Is your process the same when composing jazz as opposed to writing a classical work?
It’s the same in the sense that I look at each project that I’m doing as an individual thing unto itself. I don’t think, “This is the jazz thing. I’m going to go this way,” or, “[With] classical, I’ll do this.” The music should be relatable in some way — through melody, the story — to people. It should have a depth, layers, substance — whatever that is. Most of the time, I’ll write something and not worry about the label.
You’ve said that your music is for people who engage in “active listening.” Can you elaborate?
Active listening is simply the kind of listening you do, the kind of listening I do, the kind anybody who is a lover of art does. When you listen, your mind is interacting with the music so that the music is causing your mind to conjure things, images, feelings. You interact, and that’s a much more holistic, deep relationship with the art. It makes it possible for the art to heal you or enlighten you.
But it takes effort on the listener’s part, whereas passive listening — listening to music with the intent of escaping or lulling yourself into a stupor — is like wallpaper. You don’t engage in it. It’s just a sound that goes past any kind of aesthetic consideration and goes straight into your body, which is fine, but I prefer active listening.
Ditto! And given that aspiring jazz/classical pianists and/or composers are listening to you, what advice do you have for them?
My two-dollar thoughts? First of all, I think [for] people who want to get into music and want to compose or play: Always have faith that your ideas are valid, that they’re good. A lot of times when you hear somebody do something, you’re blown away by it and think, “I can never do anything like that.” You’re right, because they’re the ones doing it, and the reason things sound amazing is each new moment is a surprise, a new discovery.
It’s something that would not have occurred to you to do. But by the same token, something you come up with is something that wouldn’t have occurred to them. The thing to do is work like hell to make it listenable. Which means listening to the masters, listening to people like Herbie Hancock.
I’d be remiss if I didn’t mention that you’ll be at the legendary jazz club The Baked Potato Dec. 29–30, with Jimmy Johnson on bass, Andrew Renfroe on lead guitar, Christian Euman on drums, and you on Fender Rhodes. Why is this gig important to you, and why not play acoustic piano?
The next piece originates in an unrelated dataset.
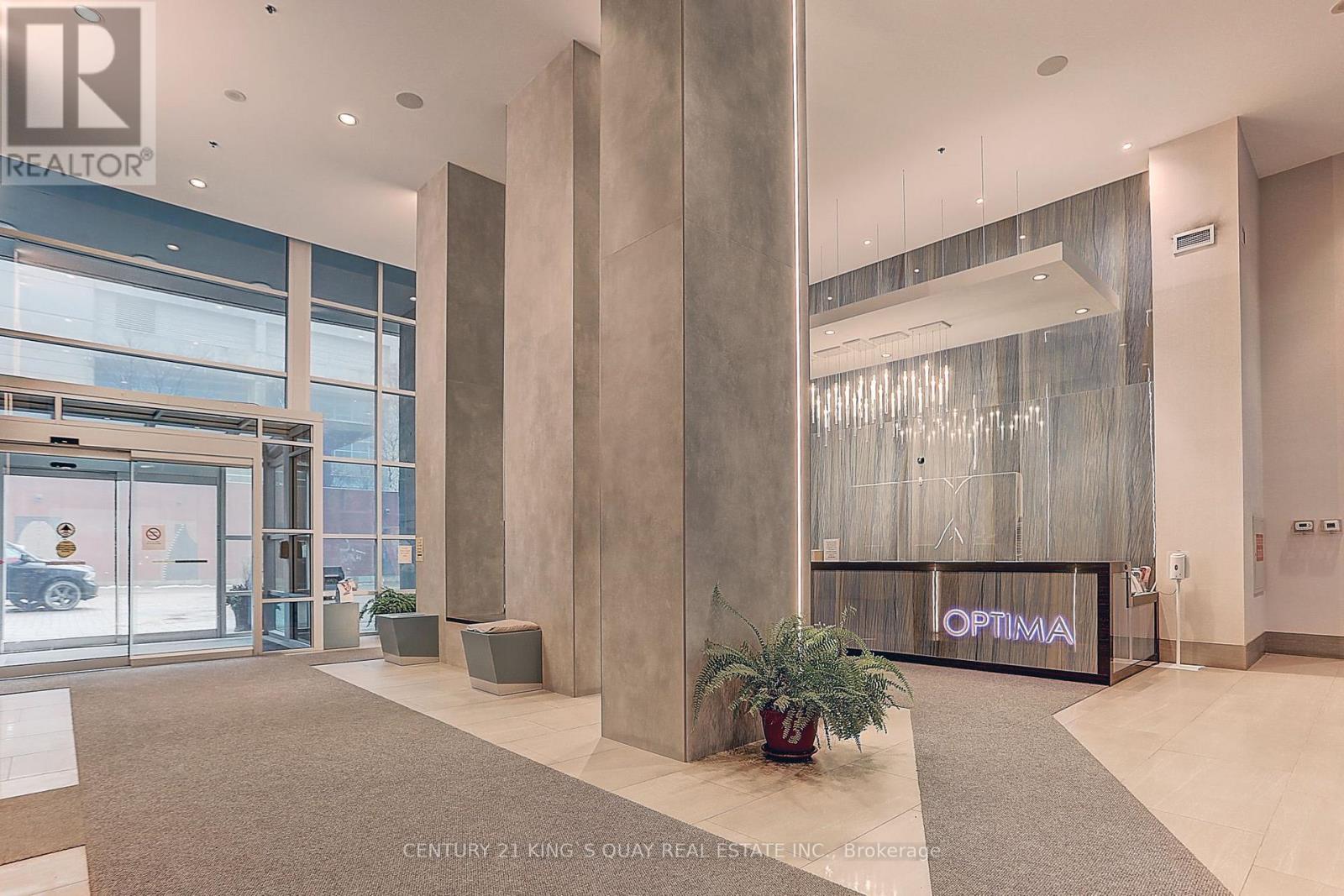 3508 - 81 Navy Wharf Court, Toronto, Ontario  M5V 3S2 - Photo 5 - C12639524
This is electric, aggressive music, [and] I’m playing the Fender Rhodes because they don’t have a piano there. That’s not the kind of place it is. I’m [also] glad it’s still around, and that’s one of the reasons I play there. It’s a part of L.A. history. It’s a club that persisted in presenting live music that has a certain level of excellence. They do it, they keep doing it, and they break their necks doing it. It’s not easy to have a club in L.A., and I want to support them by being there. I love playing there. They treat me well, and I’m a player — a classical composer — but I’m a jazz pianist, too.